Theresienstadt was the last of all the Nazi camps to be freed – on May 8, 1945, one day after the Wehrmacht surrendered in Reims.

Planting roses to hide the horror

As there are hardly any photographs showing Theresienstadt during the Nazi period, Fischer and Wildberg have used drawings by former inmates to depict conditions. These show how mostly older people were left to vegetate in drastically overcrowded buildings. Even if there was no “extermination through labor” policy operative here as in other Nazi camps, living conditions were nevertheless inhumane.

The SS also used Theresienstadt, a so-called “Jewish settlement,” as a camouflage for the mass exterminations that were going on. In the fall of 1943, Berlin decided that within six months Theresienstadt would be opened up to inspection by members of an international commission. Until then, the Nazis had allowed occasional visits by German and international commissions to some of the main camps, though not to any of the camps that were part of the “final solution to the Jewish question.” Then again, Theresienstadt was just a transit camp.

So the SS set the inmates to work on a “beautification” program. A new commander, Karl Rahm, had taken over from Anton Burger, whose brutality knew no bounds. Rose bushes were planted, and lawns put in. “Superfluous’ inmates in the ghetto were sent off to their deaths. Everything was ready by June 23, 1944 when two Danes and a Swiss representing the International Committee of the Red Cross arrived in Theresienstadt. A tour route had been carefully planned that led the inspectors past just the renovated buildings. The SS, in addition, had predetermined which inmates could say what.
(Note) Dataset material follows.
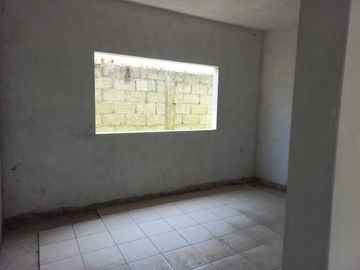 CASA EN VENTA CON TERRENO  BARDEADO TUXPAN VERACRUZ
The staging worked. The three inspectors left Theresienstadt after a five and a half hour visit and wrote a positive report for the Red Cross, although they did mention noticing overcrowding and a look of hopelessness on the faces of many of the inmates.

Hitler’s “city for the Jews’

The SS decided that after all that trouble, they weren’t going to stop at one brief inspection: what had worked with the Red Cross inspectors, they figured, could be made to influence public opinion around the world. It may have been Kommandant Rahm himself who came up with the bizarre idea of using the place as a setting for a “documentary” – to create a reality that, in reality, didn’t exist.

To direct the film, the Nazis forced renowned filmmaker Kurt Gerron into action. In August and September 1944, under heavy Gestapo surveillance, he filmed staged scenes of “normal” life in the “Jewish settlement.” The movie was edited in Prague – without the director: when he finished filming the Nazis sent him to Birkenau, where he was killed in the gas chamber.

Instead of a “dream factory,” as authors Uta Fischer and Roland Wildberg point out, Theresienstadt became a nightmare. The movie, of which only snippets remain and which was never shown publically in its entirety, became known by the title given to it with cynical irony by some inmates: “The Führer gives a city to the Jews.”